In 1995 the letters were put together in a book called Invisible Crying Tree, the royalties from which were used to found Shannon Trust. Since then it has worked closely with prisons and prisoners to make the Shannon Trust Reading Plan available to those prisoners who could benefit from improving their reading, or being a mentor.
“We saw in Swaleside some fantastic initiatives where they are trying to imbed education into all their activities,” says William. “One example was where somebody hadn’t wanted to sign up for any study work in maths or English but was very keen on sport and exercise.
“If they wanted to spend more hours in the gym, then they need to do some study and get some qualifications. This approach is being used more and more as a way to motivate prisoners to better themselves.
“We spoke to one girl who was being released from prison and she said ‘prison had made me a better person because I am going out with improved skills and I am going to get my life back in order.’
“There are so many initiatives in place already and we are discovering more as we go.” Examples include the good work they have seen being done by prisoners, from a “huge and well-automated” laundry facility that did the washing for the prison to training courses in brick laying.
As well as education being an area of keen interest, William is looking forward to making introductions and connections between the different arms of the justice system, bringing together busy people with little time for networking.
He is also passionate about Safer Kent, formerly Kent People’s Trust, which was introduced in 2000 by a group of public and private organisations, led by the High Sheriff of Kent, who recognised the need to help prevent crime before it started.
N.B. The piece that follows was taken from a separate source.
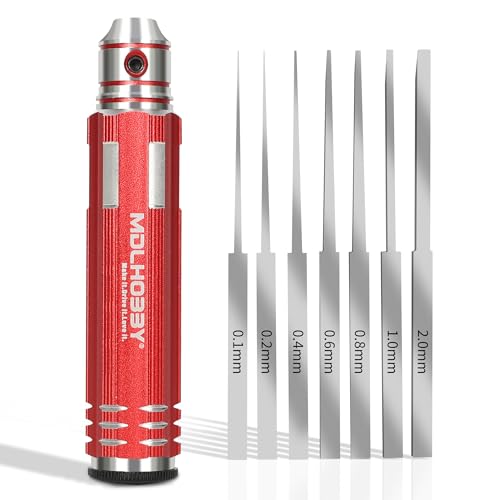 MDLHOBBY Resin Carved Scribe Line Hobby Cutting Tool with 7 Blades (0.1/0.2/0.4/0.6/0.8/1.0/2.0mm) - Model Scriber, Scribing Tool, Metal Scribe Tool, Panel Line Scriber for Precise Crafting(Red)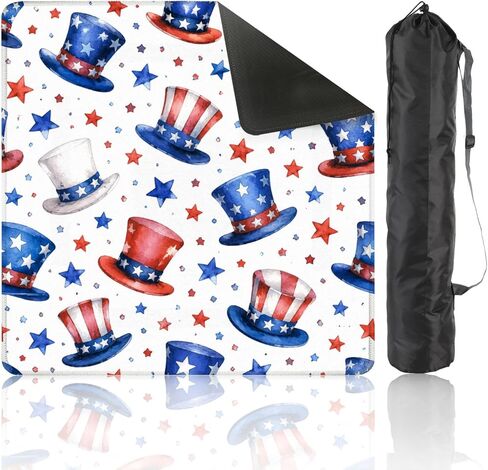 American Mahjong Mat with Bag, 31.5"x 31.5" Non Slip Patriotic Red White Blue Stripes Stars Floral , Gaming Pad for Mahjong, Poker, Dominoes, Card and Board Tile Games, 4th of July Decor in Saudi Arabia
One of the busiest times in his year is this month and Castle Farm’s Lavender Season, which also coincides with the Kent County Show. William and Caroline are holding an afternoon tea in the lavender fields so that their guests can visit their home, some for the first time, and see for themselves the glorious fields of purple.
Later on in the year, William will theme the High Sheriff’s annual Justice Service at Rochester Cathedral on 11 October around Magna Carta and the Textus Roffensis, both of which will be on display. William will also bring into the service the 1215 siege at Rochester Castle when, in King John’s reign, baronial forces captured the castle from Archbishop Stephen Langton and held it against the king, who then besieged it.
“The Justice Service is one of the big milestones in the High Sheriff’s year and has an extra significance in this anniversary year. I have an authority on Magna Carta from the Temple Church in London, where the Knights Templar were based, coming to preach, which should attract a real cross-section among the judiciary.”
It is indeed a busy year ahead but, with family and loyal staff all fully committed, the Alexanders are confident that they will not only enjoy it but also learn so much.
“After all, the family motto is Excolendo floreat, which advocates the cultivation of both the mind and the soil in order to flourish; a complete summary of our approach,” smiles William.
About the role of High Sheriff
The office of High Sheriff is more than 1,000 years old. It’s the oldest continuous secular office under the Crown, and has a long and rich history. The High Sheriff acted as a royal official, responsible for enforcing the King’s interest. He administered justice, agriculture, and collected rents for the King.
These responsibilities were eventually expanded to include tax collection and most importantly, keeping the peace.
Later when the High Sheriff’s powers were dispersed, he remained integral to the issuing of Writs, organising prisoners, juries, and the Court, and most notably executing sentences on pronouncement.
Today, the High Sheriff’s role is to support the voluntary and statutory bodies engaged in law and order. The office is independent, non-political and unpaid, enabling the High Sheriff to bring together varied individuals and office holders throughout the county.